Number of parameters: 1250


# ***Learning parameters***
-----------------------

In [48]:
# Let's say that you have the following 5 labels
# Movies, Music, Zoology, Computer Science, Data Science

# How do you propose that Movies or Music related queries have higher probabilities?

# You will have a training dataset
# With a set of web queries labelled with their cognate classes

# e.g. a query "Rust stable release" labelled "Computer Science"
# "Jennifer Lopez - On The Floor ft. Pitbull" labelled "Music"
# "Anatomy of reptilian brain" labelled "Zoology"
# "Marry the Night - Lady Gaga" labelled "Music"
# "Fast and Furious 6" labelled "Movies"
# et.c.

# We can simply count the number of instances of all classes in the training data to compute those classess's prior probabilities.
# Assume that the above examples are your training data (just 5 queries with their labels)

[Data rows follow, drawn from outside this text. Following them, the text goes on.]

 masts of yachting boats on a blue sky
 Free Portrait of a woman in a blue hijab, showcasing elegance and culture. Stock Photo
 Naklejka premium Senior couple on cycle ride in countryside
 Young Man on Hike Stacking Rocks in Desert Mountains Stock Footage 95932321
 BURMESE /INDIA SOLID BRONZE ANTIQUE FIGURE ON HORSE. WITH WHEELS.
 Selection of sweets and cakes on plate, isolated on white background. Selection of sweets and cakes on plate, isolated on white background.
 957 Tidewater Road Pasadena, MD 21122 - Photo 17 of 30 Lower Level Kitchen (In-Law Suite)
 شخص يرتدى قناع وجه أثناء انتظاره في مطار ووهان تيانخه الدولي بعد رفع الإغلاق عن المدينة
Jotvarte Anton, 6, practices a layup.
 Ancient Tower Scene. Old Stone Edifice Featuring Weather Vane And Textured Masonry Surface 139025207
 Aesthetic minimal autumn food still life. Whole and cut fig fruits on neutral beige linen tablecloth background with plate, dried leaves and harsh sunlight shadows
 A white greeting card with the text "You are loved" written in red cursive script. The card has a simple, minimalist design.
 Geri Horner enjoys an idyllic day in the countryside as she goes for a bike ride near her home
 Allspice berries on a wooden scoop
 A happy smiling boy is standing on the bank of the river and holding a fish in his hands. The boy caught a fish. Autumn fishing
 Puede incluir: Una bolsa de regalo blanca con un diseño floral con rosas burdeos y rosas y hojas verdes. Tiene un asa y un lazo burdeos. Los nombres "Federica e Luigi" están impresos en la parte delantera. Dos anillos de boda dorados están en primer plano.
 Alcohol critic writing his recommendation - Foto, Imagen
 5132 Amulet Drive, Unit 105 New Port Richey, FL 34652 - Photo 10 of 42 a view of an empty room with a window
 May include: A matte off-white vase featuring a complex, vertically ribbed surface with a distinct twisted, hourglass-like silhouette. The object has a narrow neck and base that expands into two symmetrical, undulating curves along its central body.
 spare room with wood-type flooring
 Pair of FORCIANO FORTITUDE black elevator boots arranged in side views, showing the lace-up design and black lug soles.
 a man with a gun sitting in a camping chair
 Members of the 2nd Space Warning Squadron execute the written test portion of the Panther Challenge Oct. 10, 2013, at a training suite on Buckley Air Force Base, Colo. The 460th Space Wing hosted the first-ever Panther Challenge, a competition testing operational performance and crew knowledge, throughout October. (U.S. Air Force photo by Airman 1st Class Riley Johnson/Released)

print(f"Prior probability of class {'Music'} is {2 / 5}")
print(f"Prior probability of class {'Computer Science'} is {1 / 5}")
print(f"Prior probability of class {'Movies'} is {1 / 5}")
print(f"Prior probability of class {'Zoology'} is {1 / 5}")

Prior probability of class Music is 0.4
Prior probability of class Computer Science is 0.2
Prior probability of class Movies is 0.2
Prior probability of class Zoology is 0.2